A breast reduction is a surgical procedure to make the breast smaller and lighter. The breast is normally lifted and the nipple is positioned higher. (Breast reduction is also called a reduction mammoplasty, Lejour breast reduction, Wise pattern breast reduction).
Breast reduction is usually carried out for large heavy breasts which are uncomfortable and cause neck, shoulder or back ache. Often the breast cause the bra straps to cut in and some people suffer rashes in the fold under the breast. Frequently large breasts may lead to embarrassment and attract unwanted attention or comments. Where the breasts are different sizes (asymmetry) a reduction operation may help to even the breasts up.
You would come into hospital on the day of your operation. The time you come in varies on when your operation is scheduled. The operation is carried out under a general anaesthetic (asleep). The operation usually takes between two and half to three and a half hours. The stitches are usually absorbable (‘dissolving’) and are placed under the skin, so that you can not see them. A dressing is place over the wounds at the end of the operation. Drain tubes may be placed into the wound to reduce the build up of blood and tissue fluid under the wound. You will be prescribed regular painkillers while you are in hospital and to take home. Usually the drains are removed the next day or on the second day after the operation and you are discharged home.

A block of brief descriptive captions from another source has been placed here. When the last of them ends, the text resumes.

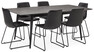 Edge - Matgrupp med 6 stolar Menton - Svart
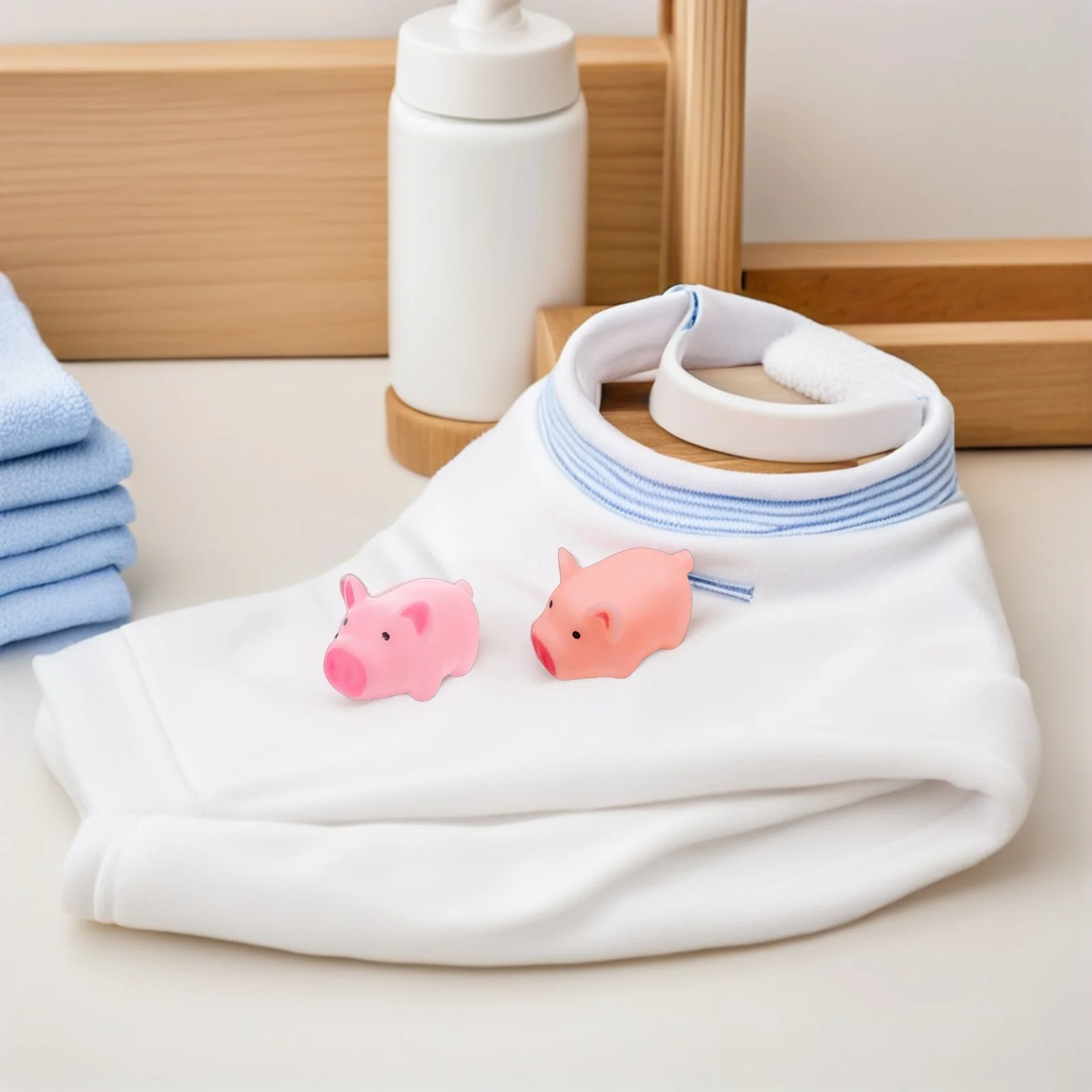 ของเล่นบีบมีเสียงร้องรูปหมูน้อย 40 ชิ้น สำหรับงานปาร์ตี้คริสต์มาสเด็ก ของเล่นน้ำบีบเล่นในอ่างอาบน้ำ สีชมพู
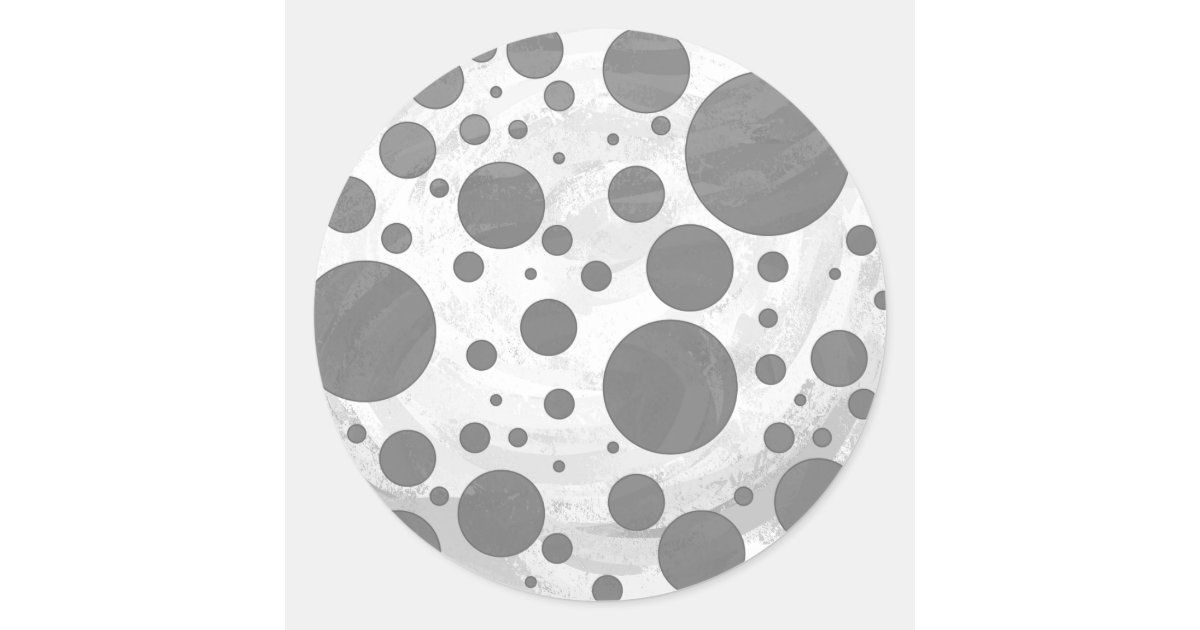 Slate Gray Polka Dot Pattern Classic Round Sticker | Zazzle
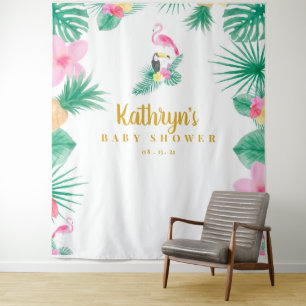 Tropical Baby Shower Backdrop, Photobooth Prop Tapestry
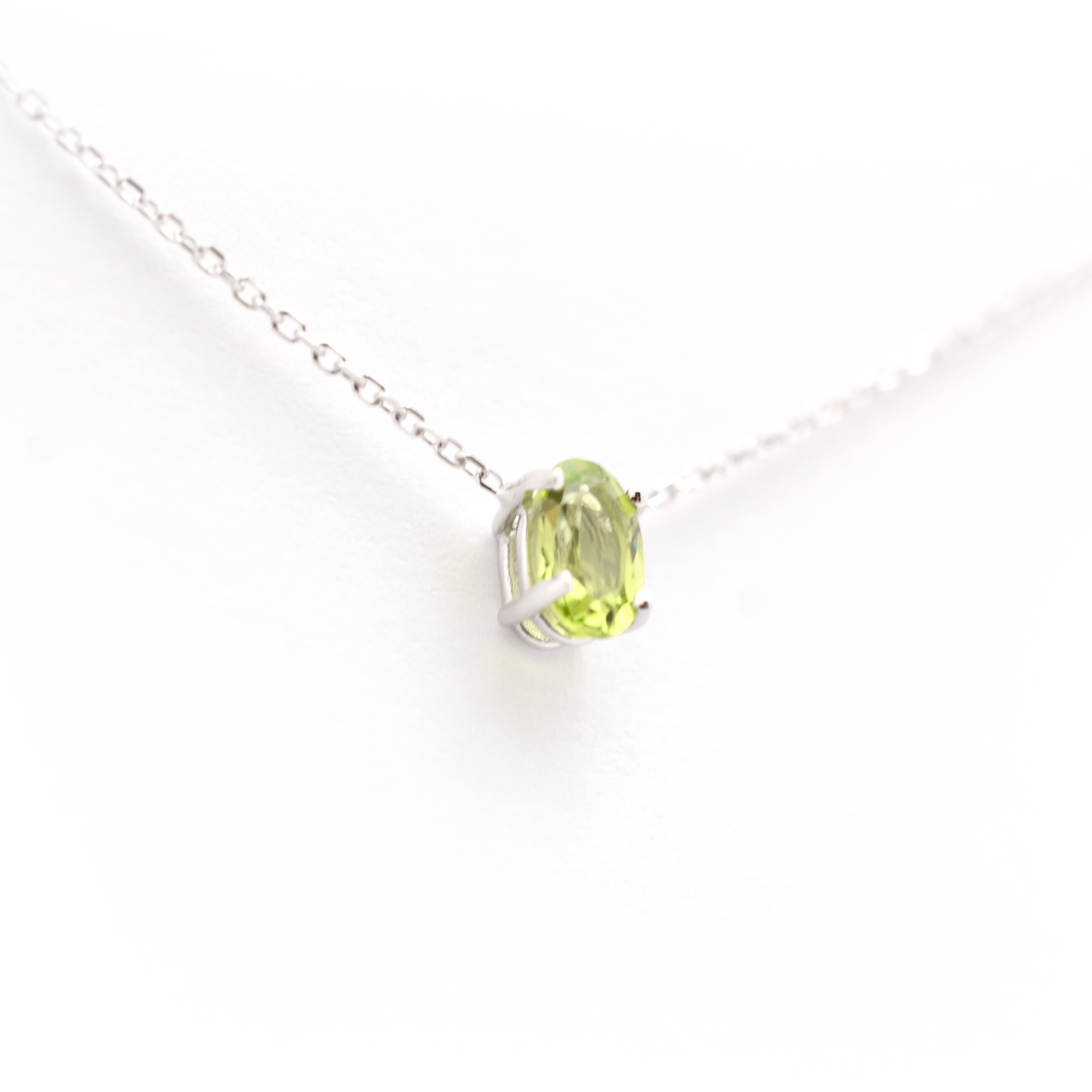 Oval Peridot solitaire necklace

You are advised to where a supportive (not wired) sports type bra for 4-6 weeks following surgery. You are offered a dressing check one week after surgery and you have a follow up consultation with your surgeon four weeks after the operation. If you are worried at any time after you have gone home you can phone the ward, phone the cosmetic nurse advisor or the consultant’s secretary for advice. If necessary you can return to the ward at any time for a check (please phone first).
There are many different techniques for breast reduction. They vary in which pieces of skin are removed, which parts of the breast tissue are removed and how the nipple is kept alive. As far as the end result is concerned the main difference is the position and extent of scarring.
Peri-areola breast reduction (sometimes called the Bennelli technique)
The peri- areolar technique reduces the breast with a scar placed around the areola only. This technique is limited in its use for breast reduction, although it can be very good for breast uplifts (mastopexy).
Vertical scar breast reduction (also called Lejour or SPAIR breast reduction)
The vertical scar techniques are widely used. The tissue below and behind the nipple is usually removed. The scar runs around the areola and then from the bottom of the areola down to the fold under the breast. Sometimes a short horizontal scar is placed at or above the this fold. The projection (how the breast protrudes form the chest) of the breast is often better with these techniques. It may not be possible to get the breast as small as with the Wise pattern approach.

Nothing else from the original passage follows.